Back in 1983 (or was it 1984?), when I flew into Adelaide from Saudi Arabia to finalise a grain shipment to the Middle East, I took time off to visit the local ABC Bookshop and discovered a couple of dozen cassette tapes of the ABC radio series Taim Bilong Masta, produced by Tim Bowden and first broadcast in 1981.
It was the distillation of 350 hours of tape-recorded interviews with Australians and Papua New Guineans who had been involved with Australia's colonial administration which ended with self government and independence in 1975. The result was a superb 24-program social history, so evocative of a time and place, revealed through a tapestry of voices from those who lived through it. These were first-hand accounts of the pre-war history in the early 1900s, the masta-boi relationships, the gold rush and the exploration of the highlands. In it, Australian men and women who spent so many years living and working in Papua New Guinea before independence in 1975 could be heard again, telling their own stories.
Of course, I bought the whole set and for years after I listened again and again to those tapes until they had worn out.

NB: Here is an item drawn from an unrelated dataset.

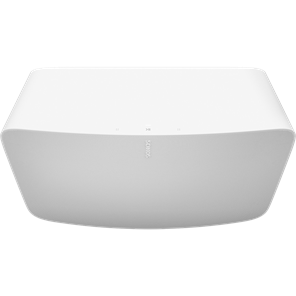 SONOS five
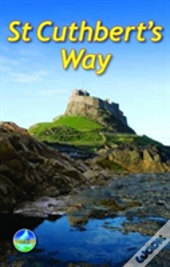 St Cuthbert'S Way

In more recent years I also found the book based on the radio series and containing 224 pages of informative text with many archival photographs, newspaper clippings and a detailed index but nothing could ever replace those wonderful audio cassettes - until just now when I found them as a downloadable 17-hour audiobook on Amazon's www.audible.com (click on PLAY AUDIO SAMPLE).
Of course, I immediately bought it!
P.S. The tapes have worn out long ago but the recordings are available as mp3 files here.